**Entries supplied**:
- Opening Delimiter -
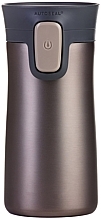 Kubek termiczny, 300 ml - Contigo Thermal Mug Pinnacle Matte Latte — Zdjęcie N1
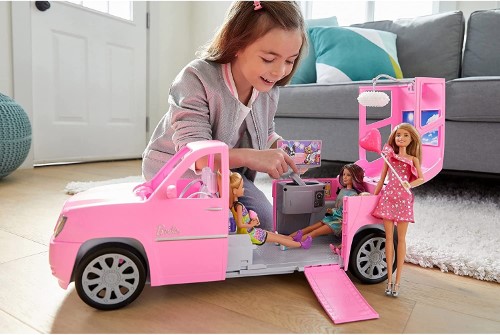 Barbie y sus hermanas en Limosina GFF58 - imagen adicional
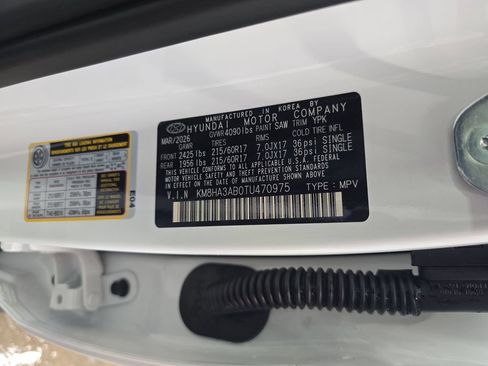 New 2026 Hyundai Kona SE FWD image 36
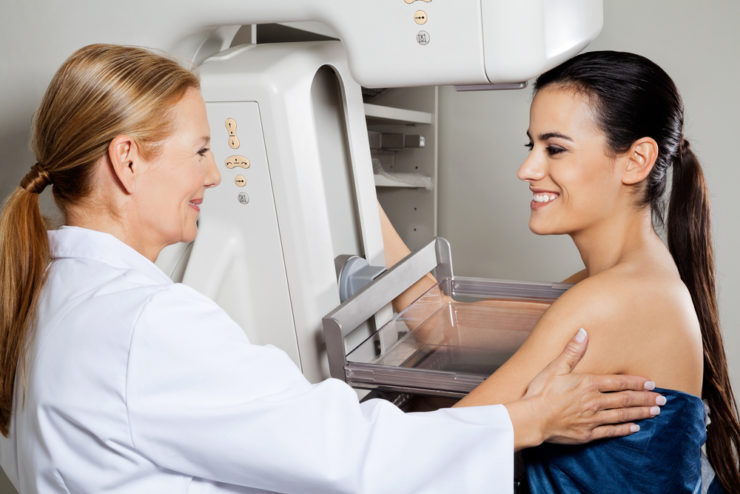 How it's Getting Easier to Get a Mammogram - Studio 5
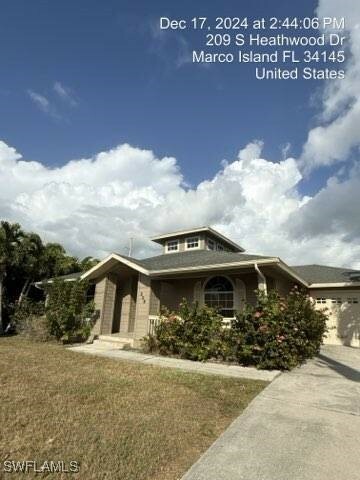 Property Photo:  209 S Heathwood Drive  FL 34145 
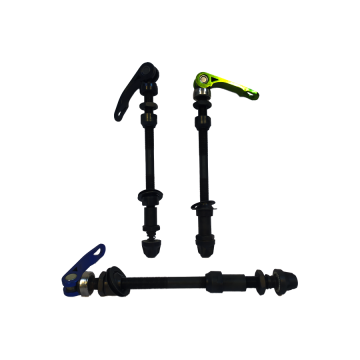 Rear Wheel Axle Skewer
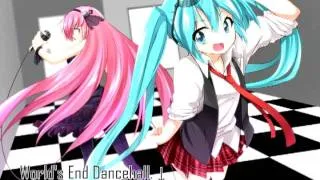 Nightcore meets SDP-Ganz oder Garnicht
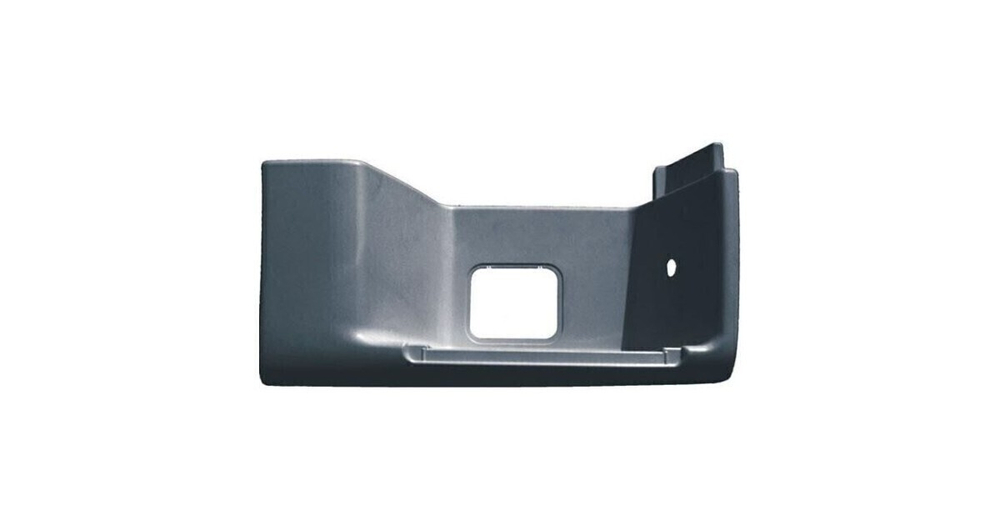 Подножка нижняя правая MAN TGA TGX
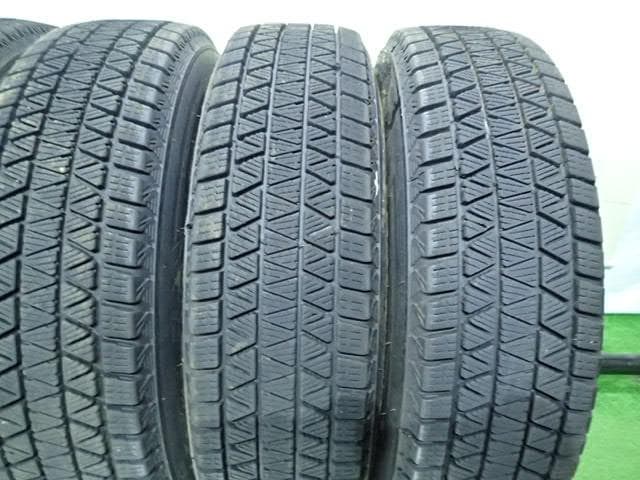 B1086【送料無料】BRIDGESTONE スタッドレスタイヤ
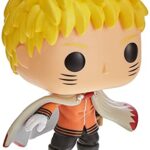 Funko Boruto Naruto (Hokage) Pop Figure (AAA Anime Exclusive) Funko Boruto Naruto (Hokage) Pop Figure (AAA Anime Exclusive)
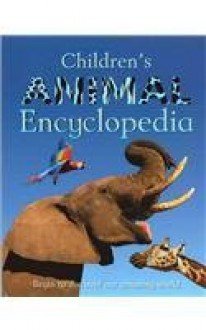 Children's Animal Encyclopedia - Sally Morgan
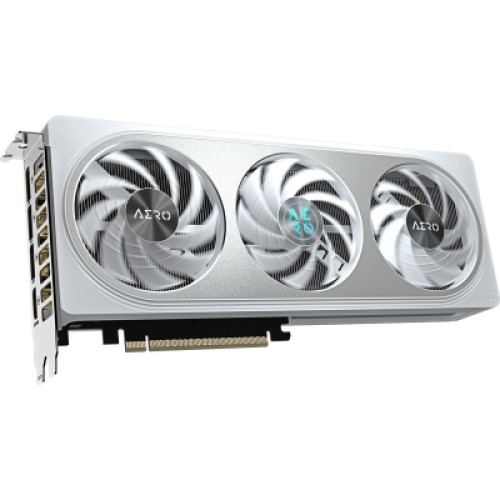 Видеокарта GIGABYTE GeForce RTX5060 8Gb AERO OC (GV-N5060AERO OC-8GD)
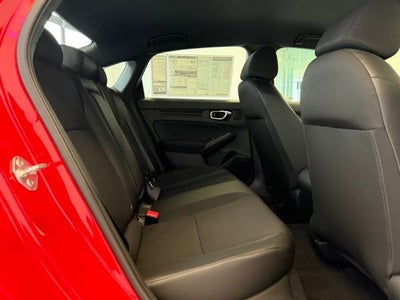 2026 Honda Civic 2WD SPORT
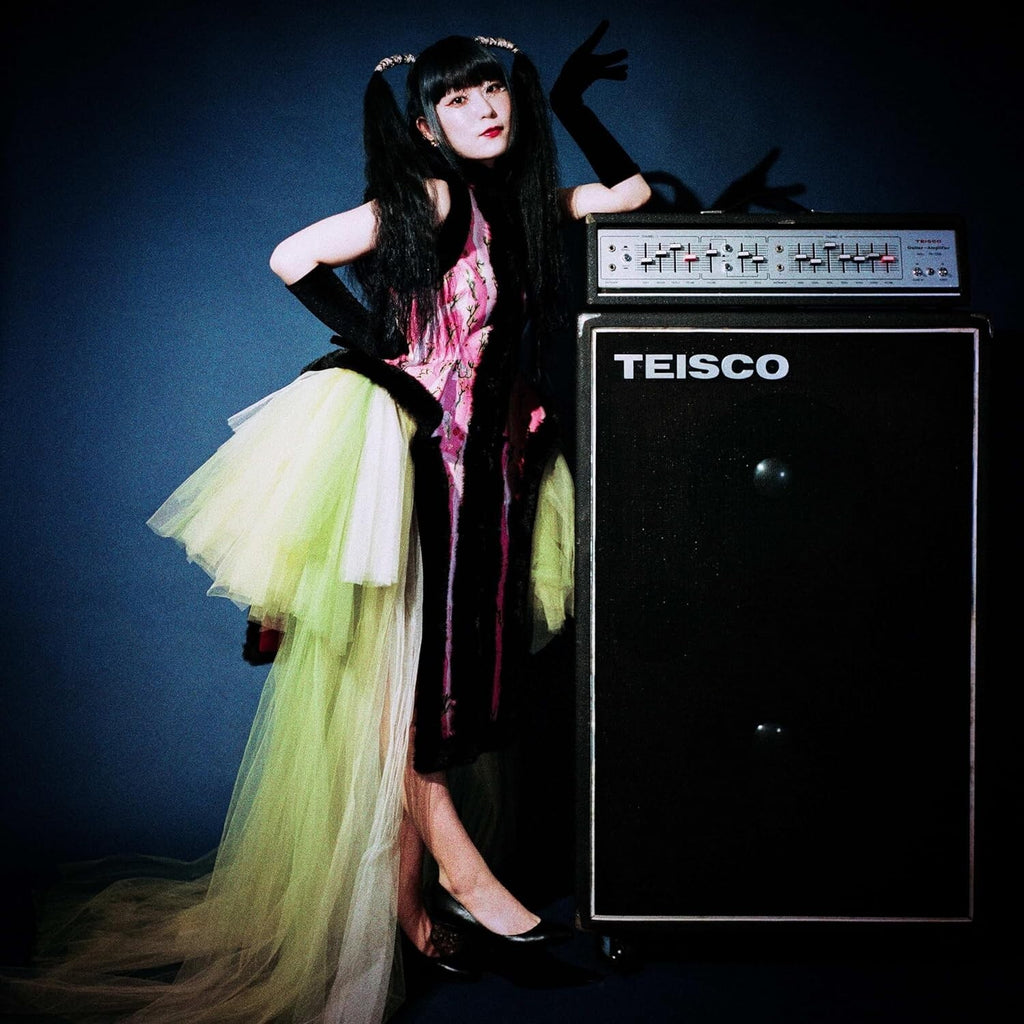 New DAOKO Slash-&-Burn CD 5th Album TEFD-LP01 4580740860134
- Closing Delimiter -
- Opening Delimiter -
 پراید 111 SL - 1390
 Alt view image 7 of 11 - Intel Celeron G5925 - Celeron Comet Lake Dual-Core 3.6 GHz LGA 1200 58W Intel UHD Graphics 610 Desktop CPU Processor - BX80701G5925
- Closing Delimiter -
**Required action**:
Transcribe, from the material above, the stretch starting at the line with "Kubek termiczny, 300" and ending at the line with "New DAOKO Slash-&-Burn", both included, exactly. Do not carry over pictures.

**Exercise answer**:
 Kubek termiczny, 300 ml - Contigo Thermal Mug Pinnacle Matte Latte — Zdjęcie N1
 Barbie y sus hermanas en Limosina GFF58 - imagen adicional
 New 2026 Hyundai Kona SE FWD image 36
 How it's Getting Easier to Get a Mammogram - Studio 5
 Property Photo:  209 S Heathwood Drive  FL 34145 
 Rear Wheel Axle Skewer
 Nightcore meets SDP-Ganz oder Garnicht
 Подножка нижняя правая MAN TGA TGX
 B1086【送料無料】BRIDGESTONE スタッドレスタイヤ
 Funko Boruto Naruto (Hokage) Pop Figure (AAA Anime Exclusive) Funko Boruto Naruto (Hokage) Pop Figure (AAA Anime Exclusive)
 Children's Animal Encyclopedia - Sally Morgan
 Видеокарта GIGABYTE GeForce RTX5060 8Gb AERO OC (GV-N5060AERO OC-8GD)
 2026 Honda Civic 2WD SPORT
 New DAOKO Slash-&-Burn CD 5th Album TEFD-LP01 4580740860134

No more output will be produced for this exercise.